- TASK INPUTS:
* * * *

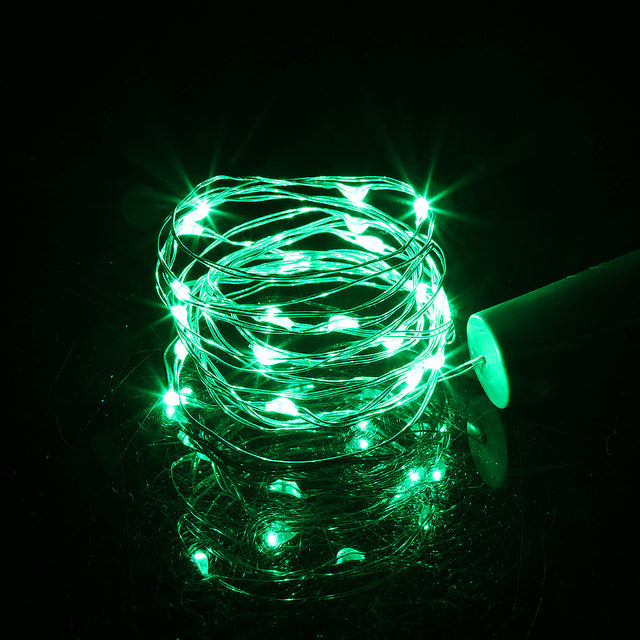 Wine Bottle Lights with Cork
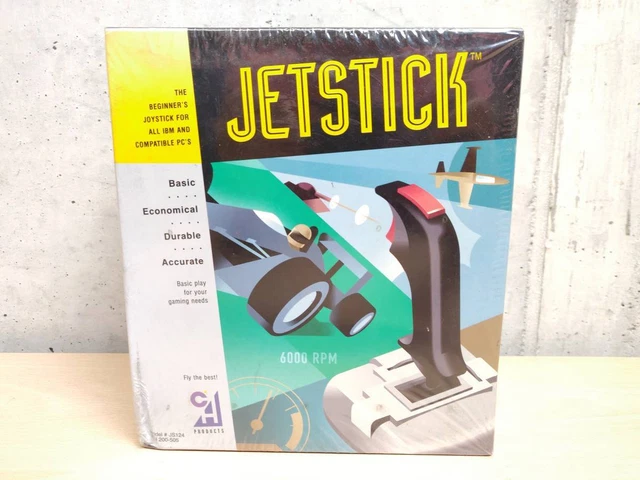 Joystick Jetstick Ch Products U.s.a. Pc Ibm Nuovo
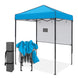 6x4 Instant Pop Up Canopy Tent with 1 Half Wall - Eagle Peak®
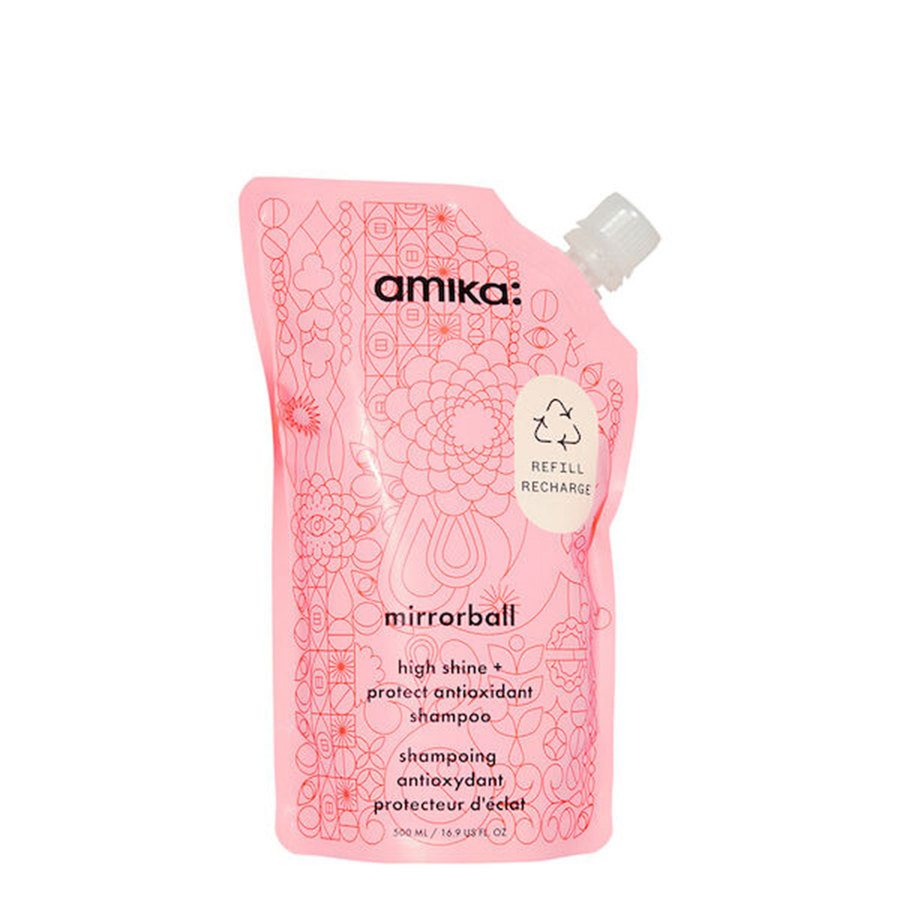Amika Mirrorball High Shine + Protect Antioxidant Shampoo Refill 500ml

* * * *

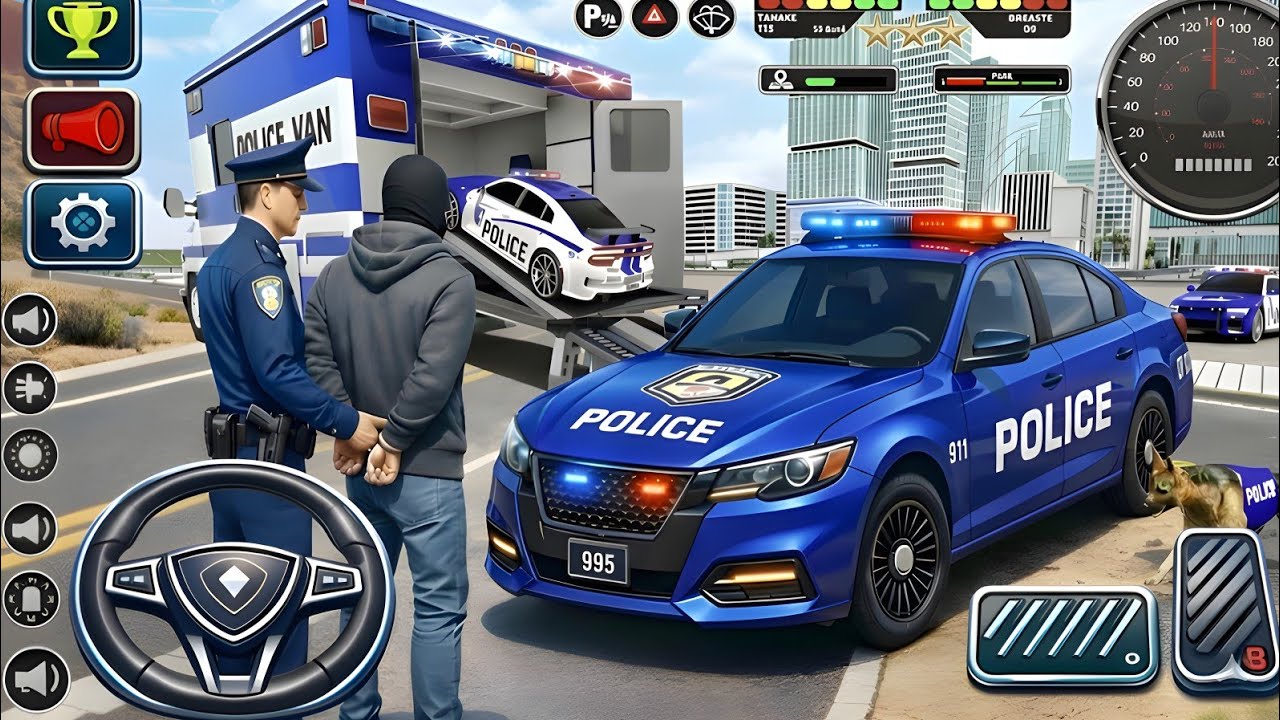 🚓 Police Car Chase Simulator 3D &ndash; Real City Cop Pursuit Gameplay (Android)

* * * *

- PROBLEM STATEMENT:
In the entries above, find the line containing "Wine Bottle Lights with Cork" and the line containing "Amika Mirrorball High", then copy both and every line between them exactly, without any picture.

- RESULT FOR THIS EXERCISE:
 Wine Bottle Lights with Cork
 Joystick Jetstick Ch Products U.s.a. Pc Ibm Nuovo
 6x4 Instant Pop Up Canopy Tent with 1 Half Wall - Eagle Peak®
Amika Mirrorball High Shine + Protect Antioxidant Shampoo Refill 500ml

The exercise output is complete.